Anyone feel like the team admin/IT even though you're the manager?

Anonymous
Anonymous wrote:I work at a place that's tech heavy, with a lot of lawyers who are not tech savvy. As their manager I do all of the managerial and supervisory work, but apparently I'm their admin too. Whenever anyone encounters a problem they come straight to me. I'm the account administrator by default on a lot of accounts and I am an expert at most programs, but it's because I'm constantly picking up new skills. I also have the seniority to run down answers from other offices that they don't have. It's draining. When I was hired into this role 5 years ago, their prior manager flagged that they couldn't work independently and needed a lot of assistance. And the entire team was demoralized because when they ran into roadblocks, prior manager had told them to come up with a solution. They couldn't and just got stuck.

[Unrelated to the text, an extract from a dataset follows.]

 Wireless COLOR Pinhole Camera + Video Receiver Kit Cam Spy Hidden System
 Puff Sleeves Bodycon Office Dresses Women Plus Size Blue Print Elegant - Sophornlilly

How do I get out of this rut? I know that by assisting them I'm speeding them along, but it's at the expense of my own higher level work. The new people I've hired have also gotten stuck, so this isn't just an issue with a few employees. I have very detailed SOPs and training materials, but my team doesn't use them. I get that our technology and programs are incredibly complicated, but that's just the job? I can't hire someone to solely assist with tech problems and our actual IT refuses to do more than install programs.


Your IT staff can't do IT, so your solution is to make the legal staff do IT?

Maybe your "higher level work" as a manager should be to fix the IT department.

Stop wasting your specialist talent's time.
Anonymous
The lawyers’ time should be spend doing legal work, not troubleshooting your shitty IT. This is a you problem, because you aren’t getting your IT correct.

As a lawyer, when I have an IT problem IT is summoned to fix it. The company is better served when I can use my time to do my actual job.